* TASK BRIEF: From the records below, output exactly the lines running from the line containing "Miss Selfridge Petite" through the line containing "Rosa Parks to", and no others.

* TASK MATERIAL:
##############################
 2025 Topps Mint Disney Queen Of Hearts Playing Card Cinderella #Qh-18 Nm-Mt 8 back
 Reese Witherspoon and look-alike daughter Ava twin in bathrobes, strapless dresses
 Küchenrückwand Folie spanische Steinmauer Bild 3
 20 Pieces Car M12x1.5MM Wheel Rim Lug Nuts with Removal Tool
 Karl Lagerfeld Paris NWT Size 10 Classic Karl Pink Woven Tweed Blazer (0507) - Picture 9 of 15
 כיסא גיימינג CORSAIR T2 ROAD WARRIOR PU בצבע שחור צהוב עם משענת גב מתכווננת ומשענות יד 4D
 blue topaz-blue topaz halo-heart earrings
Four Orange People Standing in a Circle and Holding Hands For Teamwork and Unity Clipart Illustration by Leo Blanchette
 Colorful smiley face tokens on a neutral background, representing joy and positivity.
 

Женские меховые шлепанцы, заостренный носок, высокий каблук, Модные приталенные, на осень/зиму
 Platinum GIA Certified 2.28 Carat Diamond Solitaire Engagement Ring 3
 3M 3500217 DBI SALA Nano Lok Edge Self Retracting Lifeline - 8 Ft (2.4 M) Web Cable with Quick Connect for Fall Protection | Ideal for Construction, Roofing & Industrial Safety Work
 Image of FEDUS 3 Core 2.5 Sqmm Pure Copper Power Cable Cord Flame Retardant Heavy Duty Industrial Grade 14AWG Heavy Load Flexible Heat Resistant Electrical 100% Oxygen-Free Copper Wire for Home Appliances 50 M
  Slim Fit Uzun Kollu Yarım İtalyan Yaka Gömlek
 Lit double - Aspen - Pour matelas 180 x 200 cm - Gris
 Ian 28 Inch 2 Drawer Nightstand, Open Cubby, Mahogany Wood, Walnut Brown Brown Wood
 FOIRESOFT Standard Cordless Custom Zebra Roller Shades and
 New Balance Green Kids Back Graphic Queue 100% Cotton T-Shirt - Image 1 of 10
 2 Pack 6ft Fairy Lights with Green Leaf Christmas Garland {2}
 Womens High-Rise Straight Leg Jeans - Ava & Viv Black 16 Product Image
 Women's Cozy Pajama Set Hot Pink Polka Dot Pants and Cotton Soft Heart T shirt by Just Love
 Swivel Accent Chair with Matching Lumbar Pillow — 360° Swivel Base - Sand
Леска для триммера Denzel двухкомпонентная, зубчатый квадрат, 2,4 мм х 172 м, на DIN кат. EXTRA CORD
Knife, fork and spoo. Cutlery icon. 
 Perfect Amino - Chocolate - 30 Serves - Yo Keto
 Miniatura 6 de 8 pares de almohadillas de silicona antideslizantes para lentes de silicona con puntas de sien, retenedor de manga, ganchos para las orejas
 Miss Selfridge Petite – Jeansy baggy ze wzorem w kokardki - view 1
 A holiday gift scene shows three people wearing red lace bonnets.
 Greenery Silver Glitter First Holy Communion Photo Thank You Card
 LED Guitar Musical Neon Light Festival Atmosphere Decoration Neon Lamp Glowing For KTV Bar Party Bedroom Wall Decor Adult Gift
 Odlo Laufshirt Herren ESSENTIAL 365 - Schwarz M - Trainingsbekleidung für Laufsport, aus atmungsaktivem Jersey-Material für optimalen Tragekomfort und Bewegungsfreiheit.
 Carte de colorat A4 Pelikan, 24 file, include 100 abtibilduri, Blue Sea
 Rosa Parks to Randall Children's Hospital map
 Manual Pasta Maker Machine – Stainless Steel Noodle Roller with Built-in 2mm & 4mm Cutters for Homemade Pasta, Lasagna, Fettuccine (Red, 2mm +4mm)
##############################
* SOLUTION:
 Miss Selfridge Petite – Jeansy baggy ze wzorem w kokardki - view 1
 A holiday gift scene shows three people wearing red lace bonnets.
 Greenery Silver Glitter First Holy Communion Photo Thank You Card
 LED Guitar Musical Neon Light Festival Atmosphere Decoration Neon Lamp Glowing For KTV Bar Party Bedroom Wall Decor Adult Gift
 Odlo Laufshirt Herren ESSENTIAL 365 - Schwarz M - Trainingsbekleidung für Laufsport, aus atmungsaktivem Jersey-Material für optimalen Tragekomfort und Bewegungsfreiheit.
 Carte de colorat A4 Pelikan, 24 file, include 100 abtibilduri, Blue Sea
 Rosa Parks to Randall Children's Hospital map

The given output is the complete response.